Heute greifen die verschiedenen Teildisziplinen der Verhaltensforschung sehr eng ineinander. Das Nebeneinander von angeborenen, erfahrungsbedingten und einsichtigen Verhaltensweisen wird anerkannt, ohne die Positionen der vergleichenden Verhaltensforschung aufgeben zu müssen. Damit hat der Begriff Ethologie eine umfassende Erweiterung erfahren.

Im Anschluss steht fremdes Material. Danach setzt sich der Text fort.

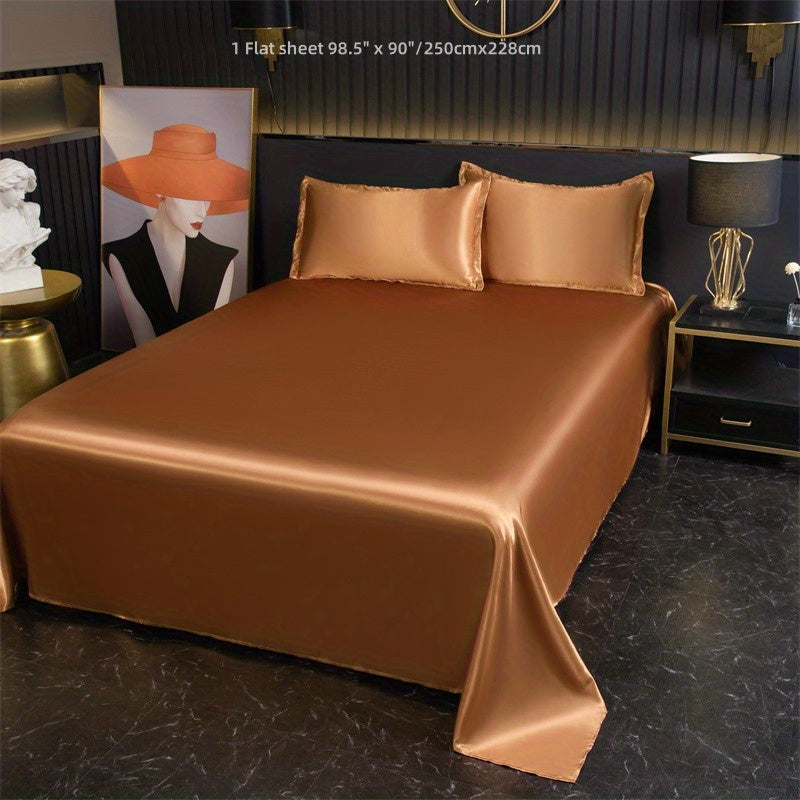 Silky Satin Bed Sheet Flat Sheet for Bedroom Guest Room Home Decor 1 Piece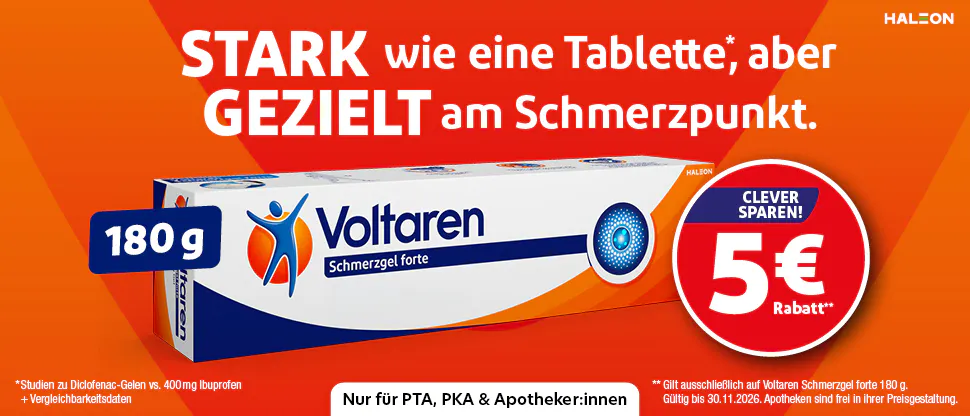 Sparvorteil für Ihre Kunden - der 5€ Rabatt-Coupon für Voltaren Schmerzgel forte 180g!*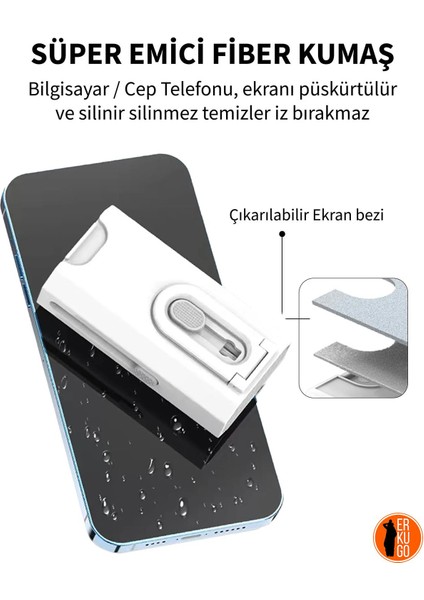 8 Fonksiyonlu Telefon, Kulaklık, Klavye, Ekran, Temizleme Kiti, Telefon Standı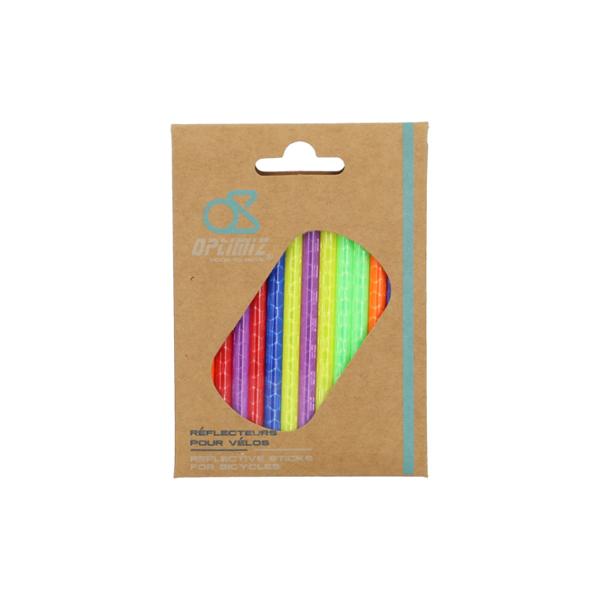 BICYCLE WHEEL SPOKE REFLECTORS 75mm OPTIMIZ MULTI-COLOURS  - 12 REFLECTORS
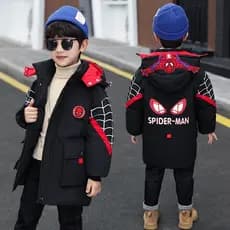 Spiderman Casaco de Inverno de Outono para Rapazes Manter a Moda Quente com Capuz 3-12 Anos Roupa Infantil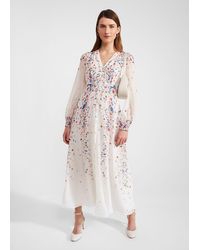 Hobbs - Asher Silk Midi Dress - Lyst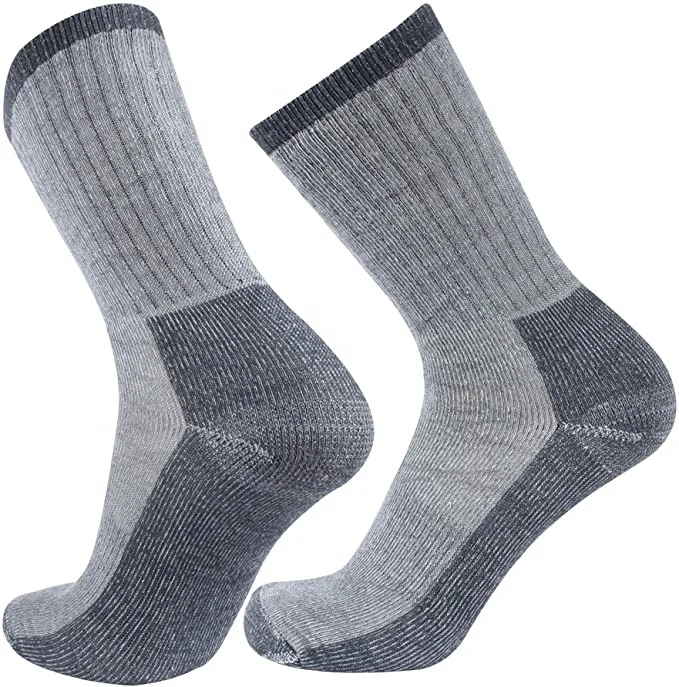 OEM Fit Knitting Crew Sports Heated Men Women Outdoor Hiking Trekking Cycling Super washed Anti-Microbial 50% Merino Wool Socks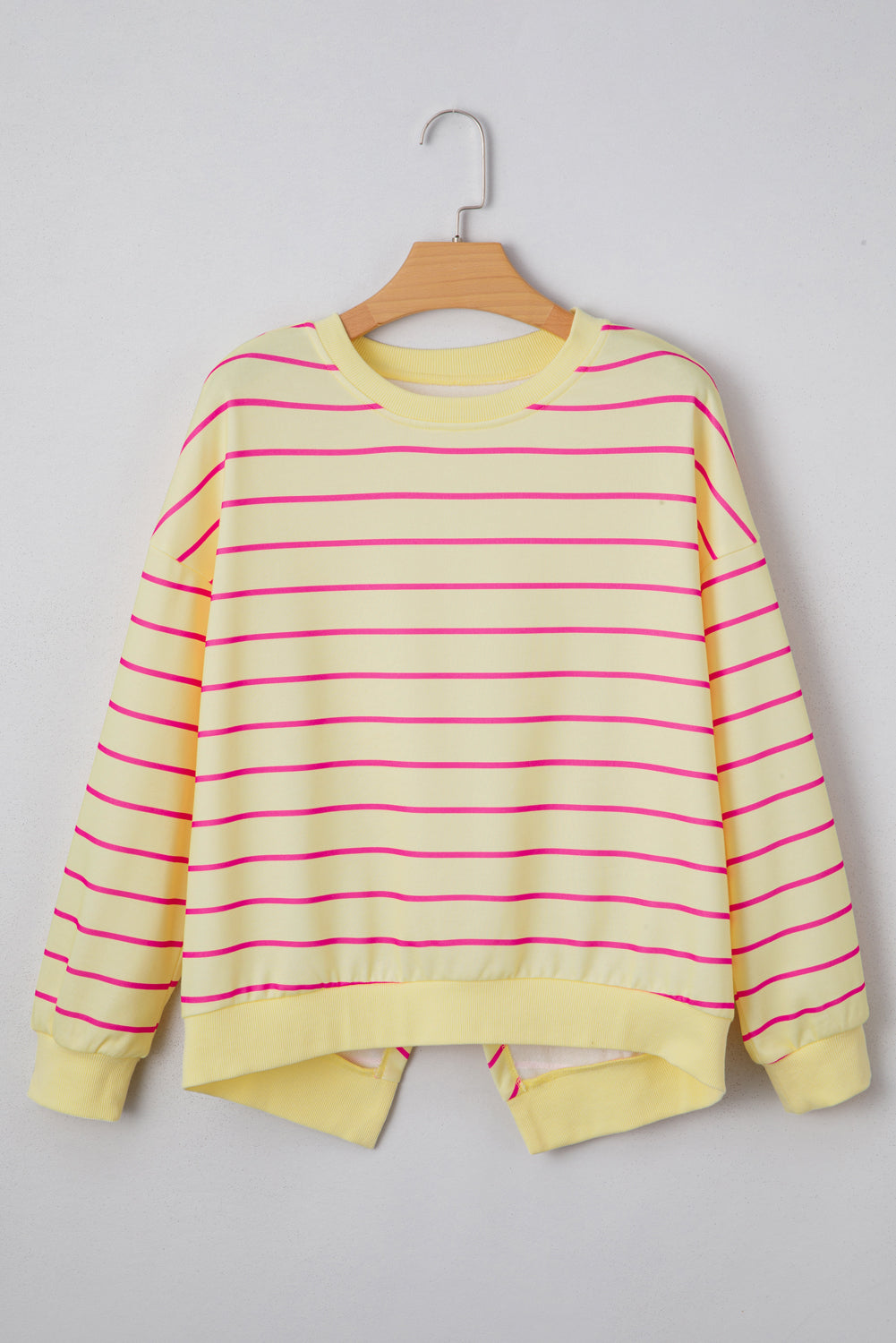 Blue Striped Overlap Detail Drop Shoulder Pullover Sweatshirt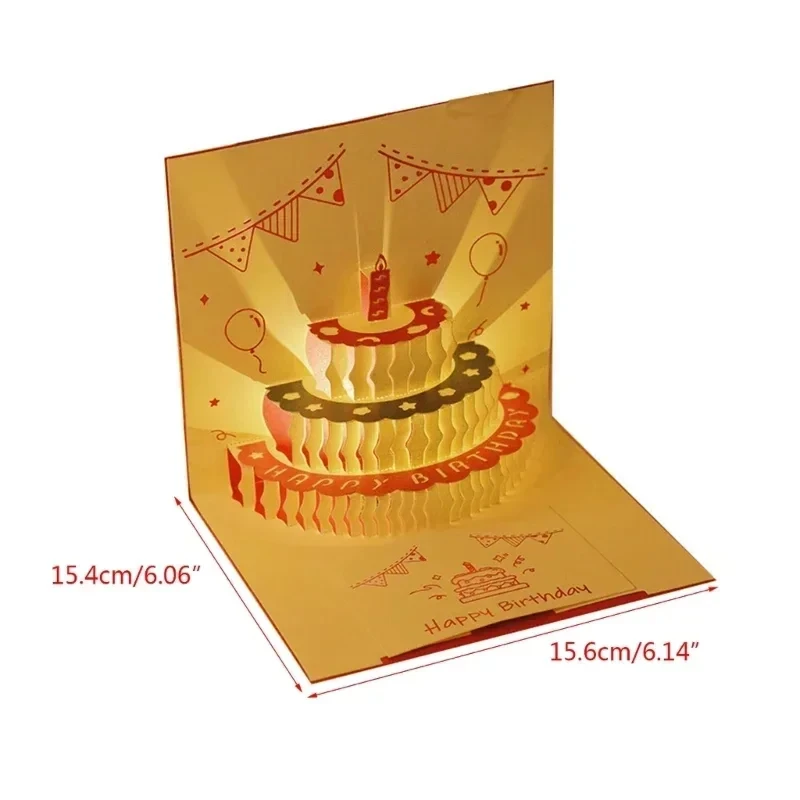 3D Musical Birthday Cake Card LED Light Pop-Up Greeting Cards with Envelope for All Occasion Girl Kid Wife Postcards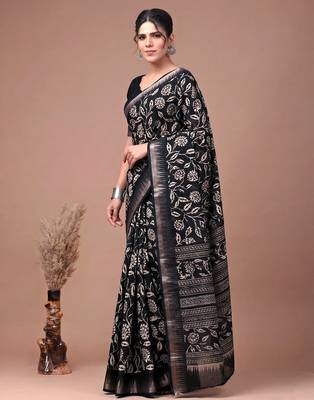 Printed slub silk saree with zari border 4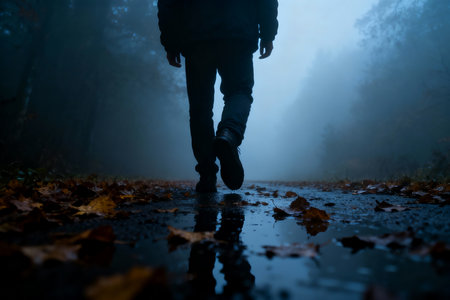 Man walking on wet road through foggy forest at night, closeupの素材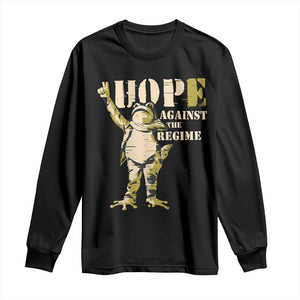 Stencil Protest Frog Long Sleeve Shirt Hope Against the Regime Portland Inflatable Resistance TS02 Black Print Your Wear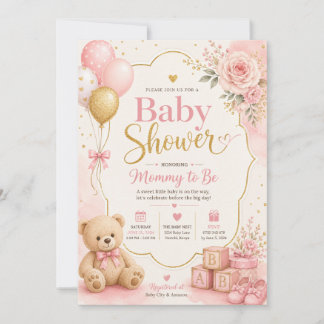 Invitación de Baby Shower Pink Gold para Niña, Acu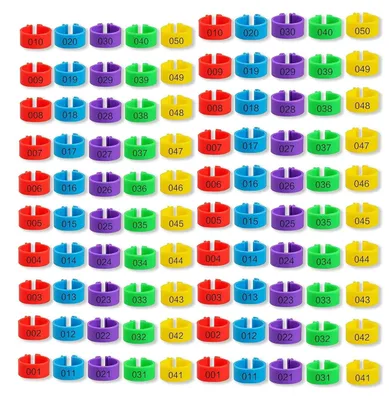 Imagen del producto de Anillos de plástico para aves, 100 unidades, 2 tamaños, 5 colores, para gallinas y aves de corral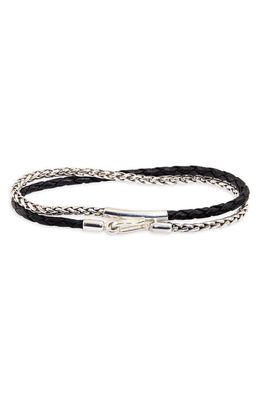 Caputo & Co. Braided Sterling Silver & Leather Double Wrap Bracelet in Black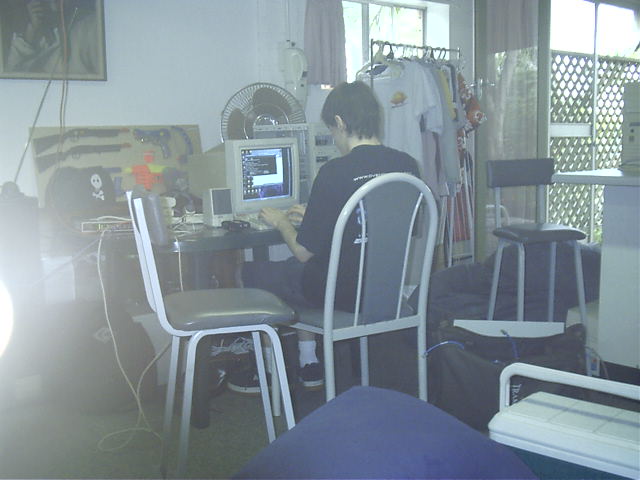 Iceman arrives and begins lanage. (Dunno what that light is on left, might be.... the sun!)
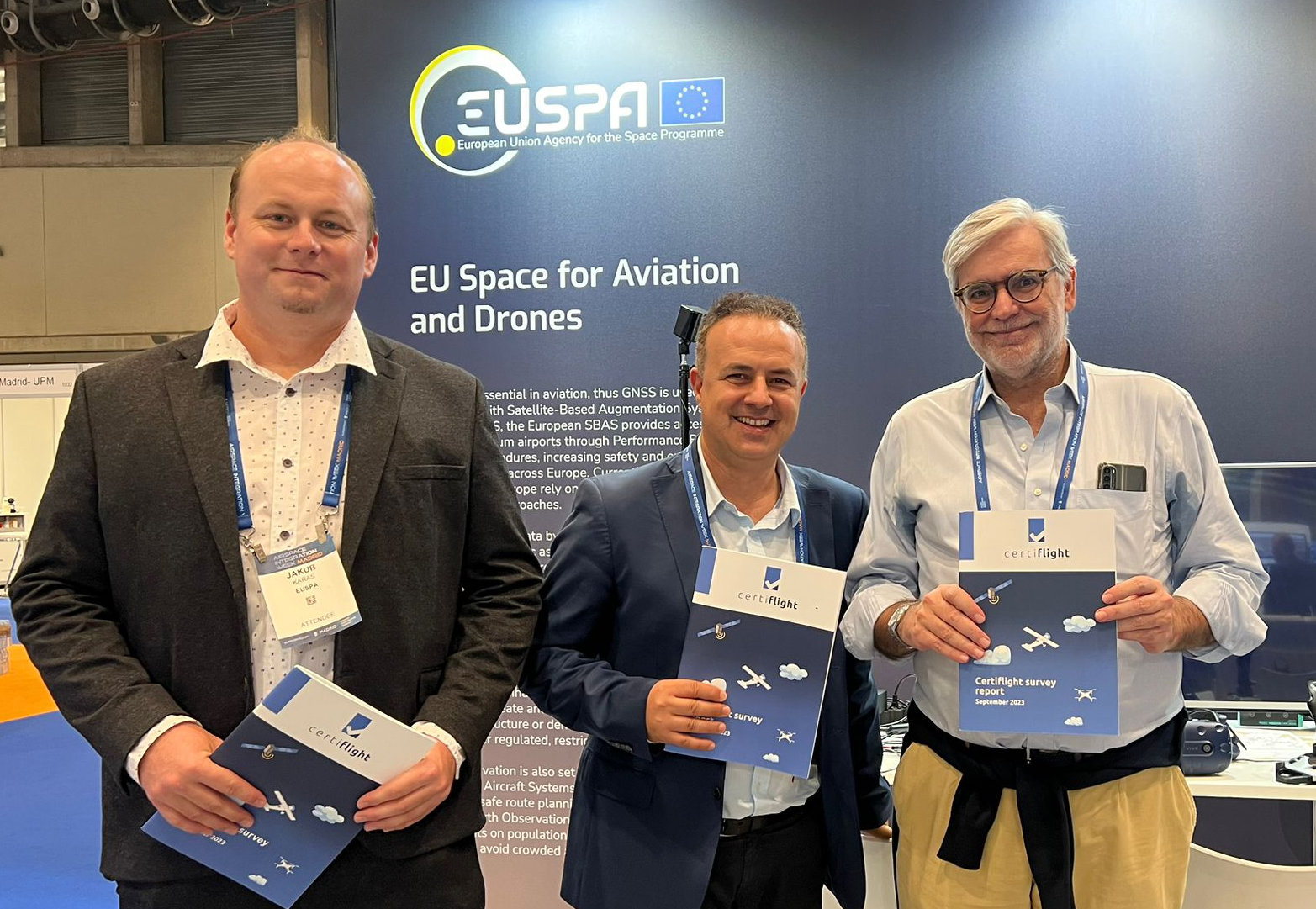 Partners of the Certiflight project in the EUSPA booth at the Airspace Integration Congress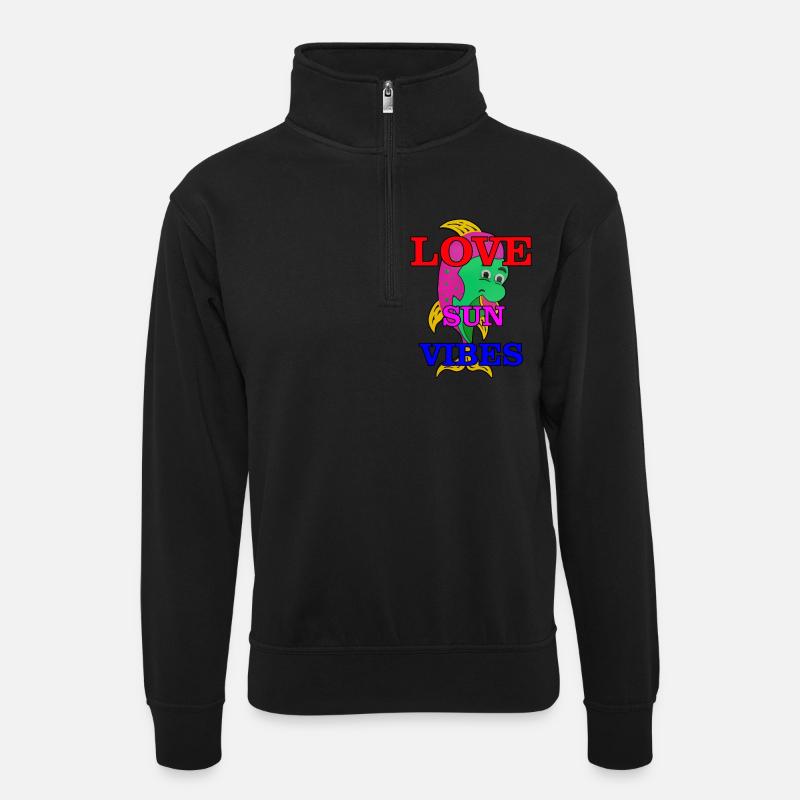 Lustige Fische - Unisex Pullover mit Zip-Kragen - Schwarz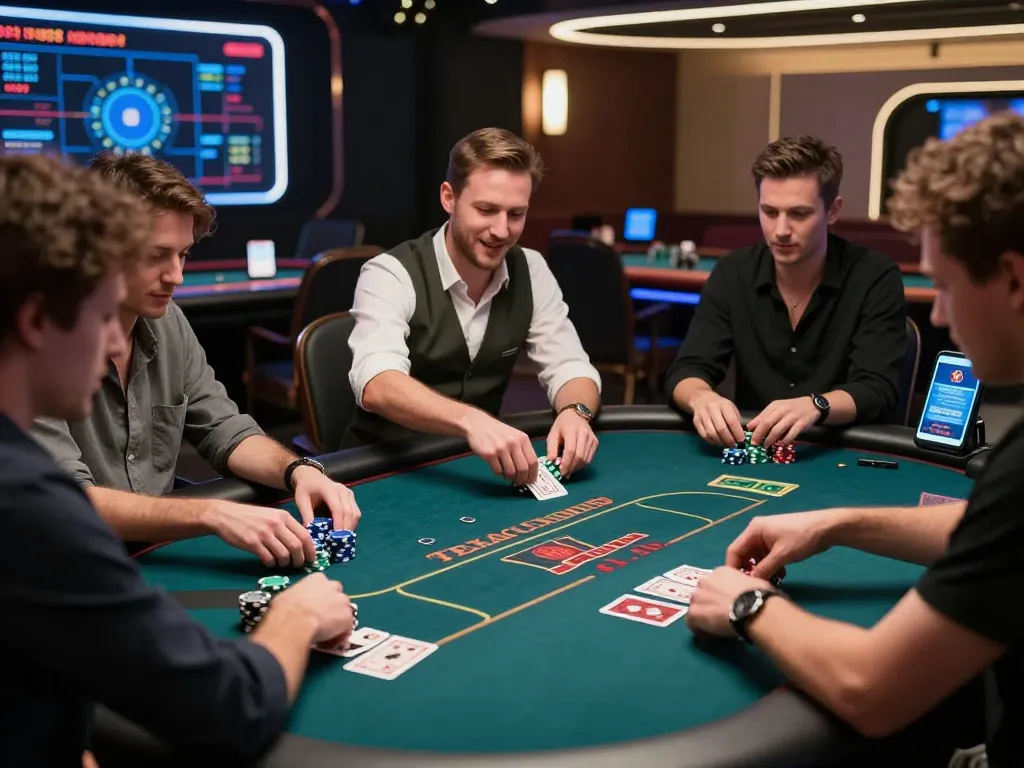 Players engaging in a strategic game of poker at dn88 online casino, showcasing high stakes and excitement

Er ist anwendbar auf Mensch (Humanethologie) und Tier (Tierethologie) und schließt nachfolgende Arbeitsgebiete ein:
Verhaltensembryologie, die Untersuchung der Entwicklung des Verhaltens vor der Geburt oder vor dem Schlüpfen aus dem Ei im Hinblick auf angeborene und umweltbedingte Verhaltensanteile; Verhaltensgenetik, der Nachweis der Vererbung von Erbfaktoren, die das Verhalten beeinflussen; Verhaltensphylogenetik, die Ermittlung stammesgeschichtlicher Zusammenhänge; Verhaltensökologie, Öko-Ethologie, die Untersuchung der Zusammenhänge zwischen dem Verhalten einer Tierart und ihrer belebten und unbelebten Umwelt; Verhaltensphysiologie, die Erforschung der physiologischen Grundlagen des Verhaltens.